First, the chicken. I placed 2 lb boneless chicken thighs to a bowl. Mix with 2 tbsp Greek yogurt, 1 tbsp olive oil, juice and zest of 1 lemon, 3 minced garlic cloves, 1 tbsp oregano, 1 tsp sweet paprika, 1 tsp garlic powder, salt & pepper. Marinate at least 2 hrs, but preferably overnight.
You can grill, airfry, or make this on your stovetop. Just heat a pan over medium heat. Drizzle 1/2 tbsp olive oil, and cook your chicken about 4-5 mins per side with the lid on. Flip, then cook for 1 minute on each side again or until cooked through.

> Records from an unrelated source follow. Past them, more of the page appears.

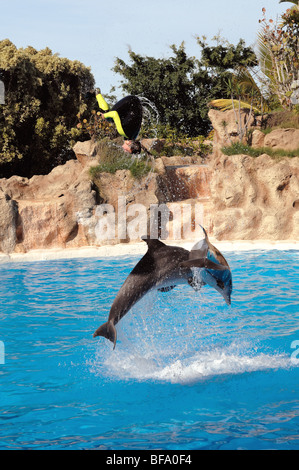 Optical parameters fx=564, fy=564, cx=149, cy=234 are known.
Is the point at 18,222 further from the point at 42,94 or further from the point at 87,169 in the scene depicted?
the point at 42,94

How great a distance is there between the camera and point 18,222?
1452cm

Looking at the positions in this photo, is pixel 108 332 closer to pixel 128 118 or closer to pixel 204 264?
pixel 204 264

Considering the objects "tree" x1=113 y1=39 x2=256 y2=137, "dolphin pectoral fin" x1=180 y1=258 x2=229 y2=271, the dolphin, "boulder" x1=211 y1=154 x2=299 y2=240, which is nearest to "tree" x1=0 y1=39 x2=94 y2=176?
"tree" x1=113 y1=39 x2=256 y2=137

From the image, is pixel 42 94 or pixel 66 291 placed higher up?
pixel 42 94

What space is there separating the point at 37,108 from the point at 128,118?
52.7ft

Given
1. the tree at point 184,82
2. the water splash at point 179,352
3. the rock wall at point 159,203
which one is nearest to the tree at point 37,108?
the tree at point 184,82

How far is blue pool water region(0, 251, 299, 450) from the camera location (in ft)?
13.7

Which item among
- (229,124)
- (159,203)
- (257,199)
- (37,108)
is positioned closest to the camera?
(257,199)

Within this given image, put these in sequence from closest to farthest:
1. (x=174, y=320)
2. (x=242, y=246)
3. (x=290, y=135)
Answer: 1. (x=174, y=320)
2. (x=242, y=246)
3. (x=290, y=135)

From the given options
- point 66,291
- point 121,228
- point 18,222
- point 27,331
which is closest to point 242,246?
point 121,228

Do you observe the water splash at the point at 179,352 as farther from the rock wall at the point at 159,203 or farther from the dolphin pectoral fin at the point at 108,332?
the rock wall at the point at 159,203

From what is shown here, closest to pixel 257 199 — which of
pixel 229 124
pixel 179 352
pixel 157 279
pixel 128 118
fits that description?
pixel 229 124

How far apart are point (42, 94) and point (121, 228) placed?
9.00m

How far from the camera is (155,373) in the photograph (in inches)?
211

Make your simple Greek salad… Just finely dice 2 Persian cucumbers, 1 bell pepper, & 1/2 small red onion. Add 1/2 cup sliced cherry tomatoes, 2 tbsp diced black olives & 1oz crumbled feta. Drizzle with olive oil, a splash of red wine vinegar (or lemon), a small pinch oregano, salt, pepper, and a handful of chopped flat-leaf parsley.
For the tzatziki sauce, grate 1 cucumber and squeeze out excess liquid. Mix with 1 cup Greek yogurt, 1 tbsp olive oil, juice of 1/2 lemon, 1 grated garlic clove, 2 tbsp fresh dill, salt and pepper until creamy.
Cook or prep your base. I cooked up my Kaizen low carb rice here, it has just 6 net carbs but packs 20g protein. You can use regular rice, brown rice, or quinoa, too.
Assemble the bowl: rice on the bottom, 4-5oz chicken, a big scoop of the Greek salad, and a generous dollop of tzatziki. Sprinkle extra parsley or dill to finish.